NSF Org: |
CNS Division Of Computer and Network Systems |
Recipient: |
|
Initial Amendment Date: | August 6, 2021 |
Latest Amendment Date: | August 6, 2021 |
Award Number: | 2101052 |
Award Instrument: | Standard Grant |
Program Manager: |
Anna Squicciarini
asquicci@nsf.gov (703)292-5177 CNS Division Of Computer and Network Systems CSE Directorate for Computer and Information Science and Engineering |
Start Date: | October 1, 2021 |
End Date: | September 30, 2024 (Estimated) |
Total Intended Award Amount: | $500,000.00 |
Total Awarded Amount to Date: | $500,000.00 |
Funds Obligated to Date: |
|
History of Investigator: |
|
Recipient Sponsored Research Office: |
660 S MILL AVENUE STE 204 TEMPE AZ US 85281-3670 (480)965-5479 |
Sponsor Congressional District: |
|
Primary Place of Performance: |
P.O. Box 876011 Tempe AZ US 85287-6011 |
Primary Place of
Performance Congressional District: |
|
Unique Entity Identifier (UEI): |
|
Parent UEI: |
|
NSF Program(s): | Secure &Trustworthy Cyberspace |
Primary Program Source: |
|
Program Reference Code(s): |
|
Program Element Code(s): |
|
Award Agency Code: | 4900 |
Fund Agency Code: | 4900 |
Assistance Listing Number(s): | 47.070 |
ABSTRACT
Generative models describe real-world data distributions such as images, texts, and human motions, and are playing an essential role in a large and growing range of applications from photo editing to natural language processing to autonomous driving. There are two open challenges regarding the development and dissemination of generative models: (1) Adversarial applications of generative models have created concerning socio-technical disturbances (e.g., espionage operations and malicious impersonation); and (2) developing generative models using multiple proprietary datasets (which are needed to reduce data biases) raises privacy concerns about data leakage. Legislative efforts have recently been taken in the wake of these challenges, so far with limited consensus on the format of regulations and knowledge about their technological or social feasibility. To this end, this project will develop new mathematical theories and computational tools to assess the feasibility of two connected solutions to these challenges: Model attribution enforces the owners to be correctly identified based on their generated contents; secure training ensures zero data leakage during the collaborative training of attributable generative models. If successful, the outcomes of the project will provide technical guidance for future regulation design towards secure development and dissemination of generative models. Project results will be disseminated through a project website, open-source software, and public datasets. The impacts of the project will be broadened through educational activities, including new course modules on Artificial Intelligence (AI) security, undergraduate research projects, and outreach to the local community through lab tours, to prepare underrepresented groups with skills to mitigate risks from malicious impersonation and biased data/model representations targeting these groups.

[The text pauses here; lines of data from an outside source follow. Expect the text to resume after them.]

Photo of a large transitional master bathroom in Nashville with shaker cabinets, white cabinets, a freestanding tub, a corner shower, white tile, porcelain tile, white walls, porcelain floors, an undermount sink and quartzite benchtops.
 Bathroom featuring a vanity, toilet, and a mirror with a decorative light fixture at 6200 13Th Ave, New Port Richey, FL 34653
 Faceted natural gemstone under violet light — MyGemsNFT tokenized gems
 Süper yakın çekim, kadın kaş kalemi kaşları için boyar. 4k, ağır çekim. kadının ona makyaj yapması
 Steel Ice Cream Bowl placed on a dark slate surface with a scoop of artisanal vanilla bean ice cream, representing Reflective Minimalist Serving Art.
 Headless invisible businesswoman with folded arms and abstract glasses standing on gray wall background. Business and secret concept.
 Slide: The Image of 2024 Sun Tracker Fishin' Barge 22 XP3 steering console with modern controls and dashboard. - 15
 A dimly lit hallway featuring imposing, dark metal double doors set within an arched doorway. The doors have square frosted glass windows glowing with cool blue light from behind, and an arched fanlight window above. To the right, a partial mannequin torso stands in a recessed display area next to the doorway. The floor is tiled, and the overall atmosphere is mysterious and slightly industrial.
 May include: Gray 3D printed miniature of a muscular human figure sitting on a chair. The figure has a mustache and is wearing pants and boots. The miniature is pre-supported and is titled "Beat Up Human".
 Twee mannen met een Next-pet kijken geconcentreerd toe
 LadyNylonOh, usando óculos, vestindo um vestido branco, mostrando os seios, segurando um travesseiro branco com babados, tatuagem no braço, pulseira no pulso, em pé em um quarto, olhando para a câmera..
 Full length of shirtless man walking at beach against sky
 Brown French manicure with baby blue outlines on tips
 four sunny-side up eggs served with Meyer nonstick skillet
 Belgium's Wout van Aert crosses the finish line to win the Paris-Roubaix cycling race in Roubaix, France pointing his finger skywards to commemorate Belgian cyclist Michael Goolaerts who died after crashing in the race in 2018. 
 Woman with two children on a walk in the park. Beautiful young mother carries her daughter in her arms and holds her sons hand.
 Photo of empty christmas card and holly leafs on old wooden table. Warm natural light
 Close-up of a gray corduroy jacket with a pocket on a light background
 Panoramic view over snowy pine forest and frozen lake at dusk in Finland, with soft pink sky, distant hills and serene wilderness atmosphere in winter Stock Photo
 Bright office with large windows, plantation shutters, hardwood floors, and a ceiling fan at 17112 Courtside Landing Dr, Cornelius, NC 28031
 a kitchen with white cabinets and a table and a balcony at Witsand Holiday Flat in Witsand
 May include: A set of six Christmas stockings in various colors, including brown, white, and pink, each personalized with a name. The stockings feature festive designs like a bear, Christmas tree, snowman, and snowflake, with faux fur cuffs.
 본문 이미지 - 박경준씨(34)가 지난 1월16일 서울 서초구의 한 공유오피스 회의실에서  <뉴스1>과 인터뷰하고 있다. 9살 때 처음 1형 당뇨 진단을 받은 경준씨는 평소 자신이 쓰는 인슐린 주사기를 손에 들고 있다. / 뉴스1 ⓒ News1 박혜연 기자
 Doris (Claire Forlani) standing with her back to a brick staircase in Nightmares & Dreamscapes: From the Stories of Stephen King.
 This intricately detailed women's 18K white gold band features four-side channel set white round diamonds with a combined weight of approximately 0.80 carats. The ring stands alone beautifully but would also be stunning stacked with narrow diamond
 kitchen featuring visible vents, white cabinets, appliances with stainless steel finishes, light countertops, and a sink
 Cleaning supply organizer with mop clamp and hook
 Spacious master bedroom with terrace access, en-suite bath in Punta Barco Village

This project will focus on synergistic research tasks towards decentralized model attribution and secure training of generative models. In the former, the research team will study the systematic design of a set of user-end generative models that can be certifiably attributed by a set of binary classifiers, which are stored in a decentralized manner to mitigate security risks. The technical feasibility of decentralized attribution will be measured by the tradeoffs between attributability, generation quality, and model capacity. In the latter, the research team will study secure multi-party training of generative models and the associated binary classifiers for attribution. Data privacy and training scalability will be balanced through the design of security-friendly model architectures and learning losses. New knowledge will be created that differentiates this project from the existing state-of-the-art literature in digital forensics and secure computation: (1) Sufficient conditions for decentralized attribution will be developed, which will reveal analytical connections between attributability, data geometry, model architecture, and generation quality. (2) The sufficient conditions will enable estimation of the capacity of attributable models for a given dataset and generation quality tolerance. (3) Feasibility of sublinear secure vector multiplication will be studied, which will fundamentally improve the scalability of secure collaborative training. (4) Privacy-friendly activation and loss functions will be designed for the training of user-end generative models and the classifiers for attribution.
This award reflects NSF's statutory mission and has been deemed worthy of support through evaluation using the Foundation's intellectual merit and broader impacts review criteria.
PUBLICATIONS PRODUCED AS A RESULT OF THIS RESEARCH
Note:
When clicking on a Digital Object Identifier (DOI) number, you will be taken to an external
site maintained by the publisher. Some full text articles may not yet be available without a
charge during the embargo (administrative interval).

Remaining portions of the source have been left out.